Clinical research is the critical step in moving from laboratory studies to patient treatment and eventually to public health practice. Because of the interaction involved with patients or study participants, clinical research entails a range of issues quite different from those with which investigators involved in basic research must contend. A major issue is recruiting study participants—an issue that the Research Participant Registry was created to address. In addition, here are some other topics to consider:
How will participants be recruited for a study (particularly if a specific subset of the population is being targeted)?
What marketing or publicity tools will be most effective in reaching the study’s target audience?
How much it will cost you to advertise the study?
Will it be possible to recruit enough study participants?
Do study participants understand that their involvement is voluntary and that they can withdraw from a study at any time?
Are informed consent documents written in clear, understandable language? (For information about informed consent, see Ethical Considerations for Clinical Research.)
Are you using the current IRB-approved informed consent forms at all times?
Are the risks to study participants clearly described?

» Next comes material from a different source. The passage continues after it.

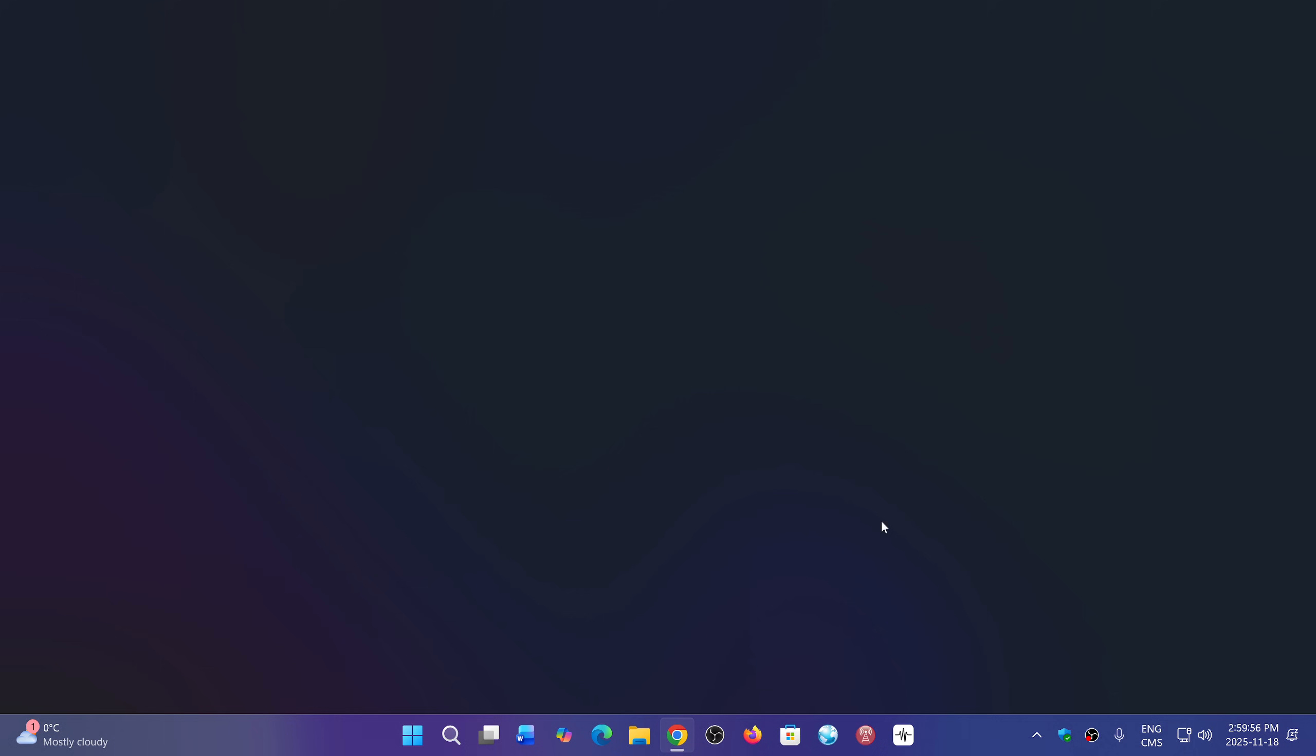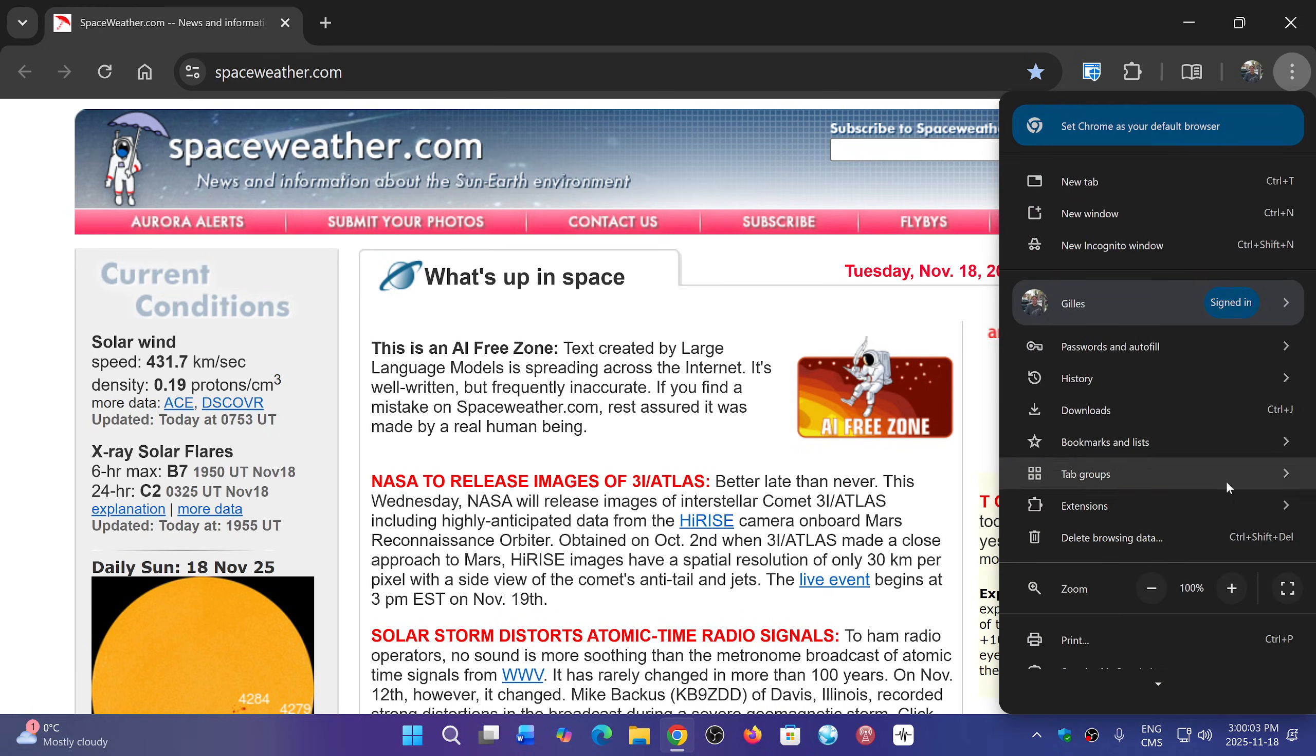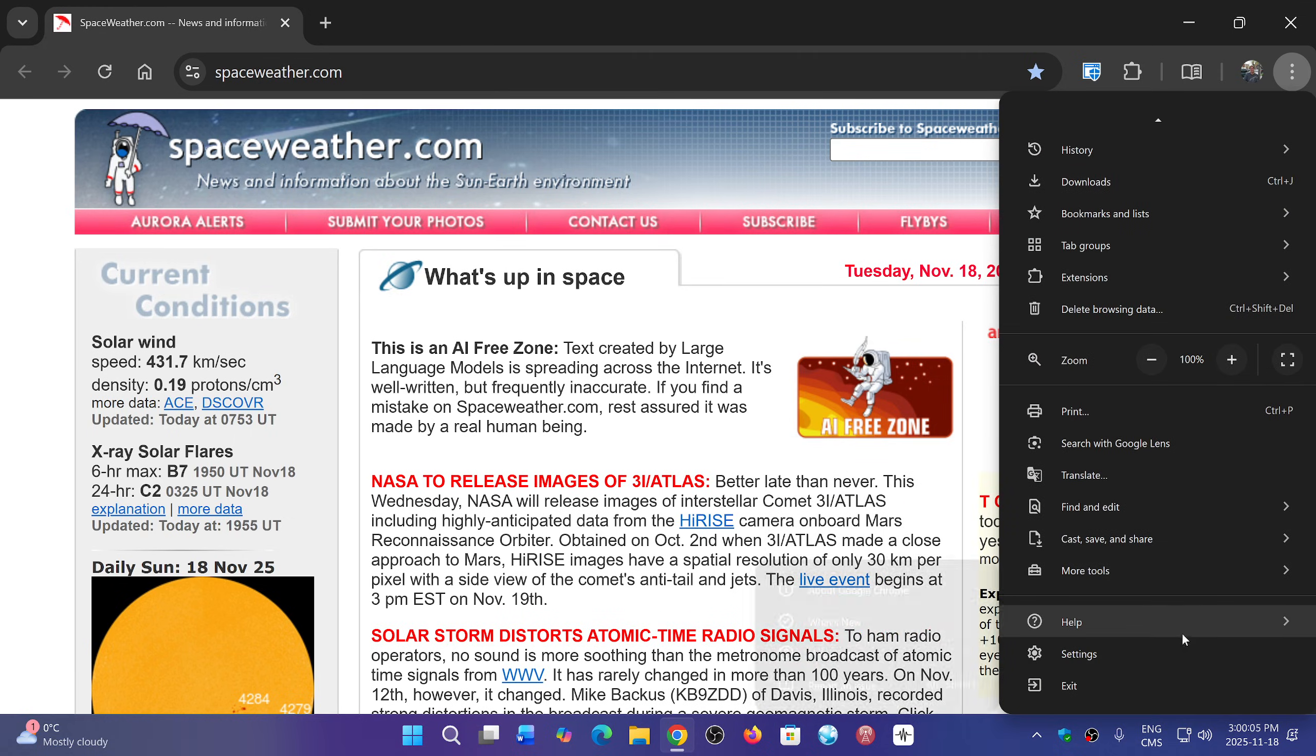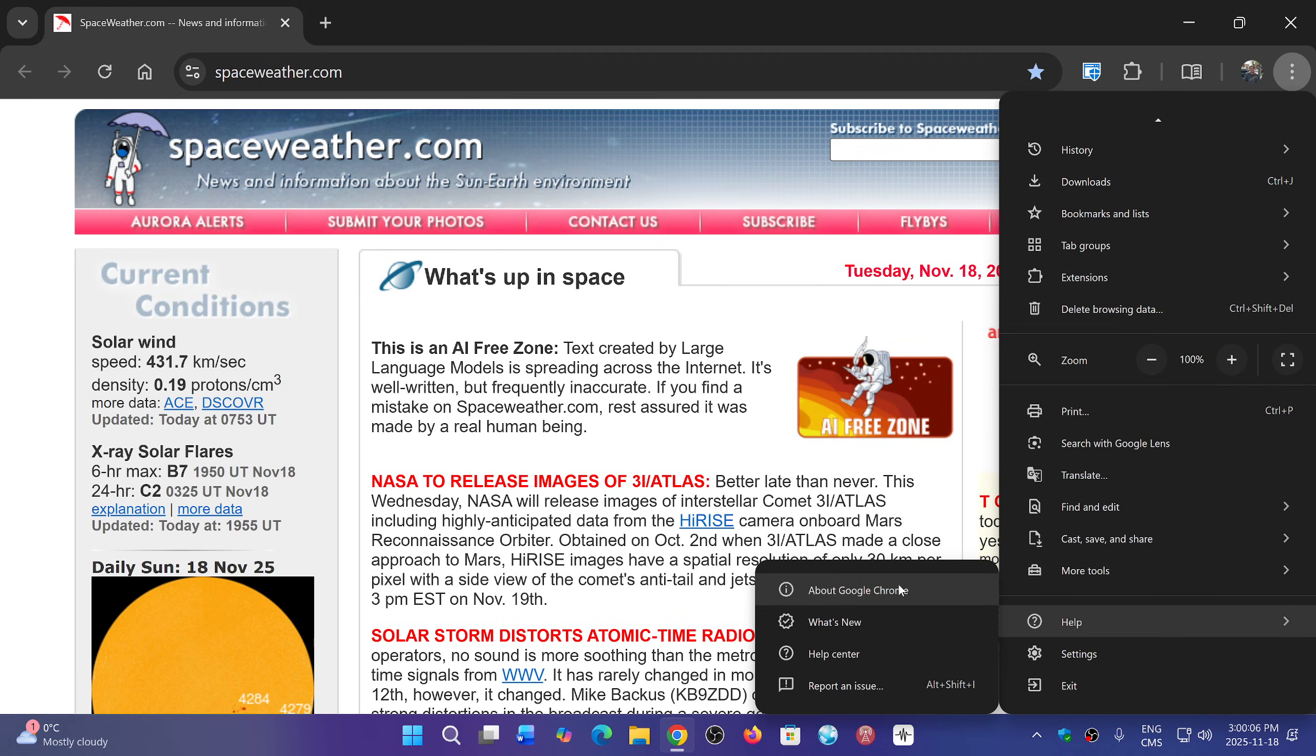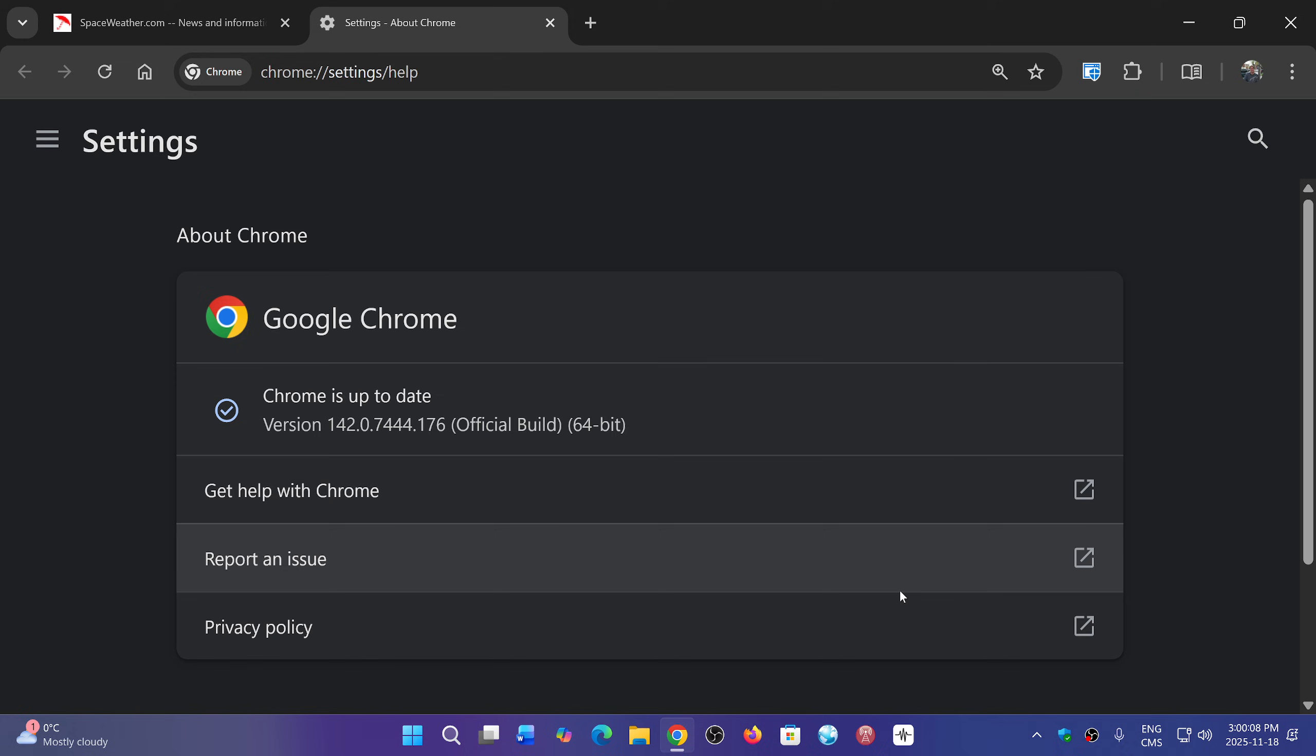This week we have security fixes. If you go into Chrome, in the upper right corner click the three vertical dots, go into Help and About Google Chrome. You will be sent to version 142.0.7444.175 or 176, and it contains two high severity fixes both affecting the V8 scripting engine in Chrome.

Are the steps to minimize risks to study participants being carried out as detailed in the informed consent document?
Likewise, are the steps to ensure the privacy and confidentiality of the study participants being adhered to as spelled out in the informed consent form?
Are payments to study participants reasonable to achieve the desired recruitment results?
Have you set up a WePay card for study participants?
Have all conflicts of interest been addressed?
Do you know what help with any of these issues is available from CTSI and how to access that help?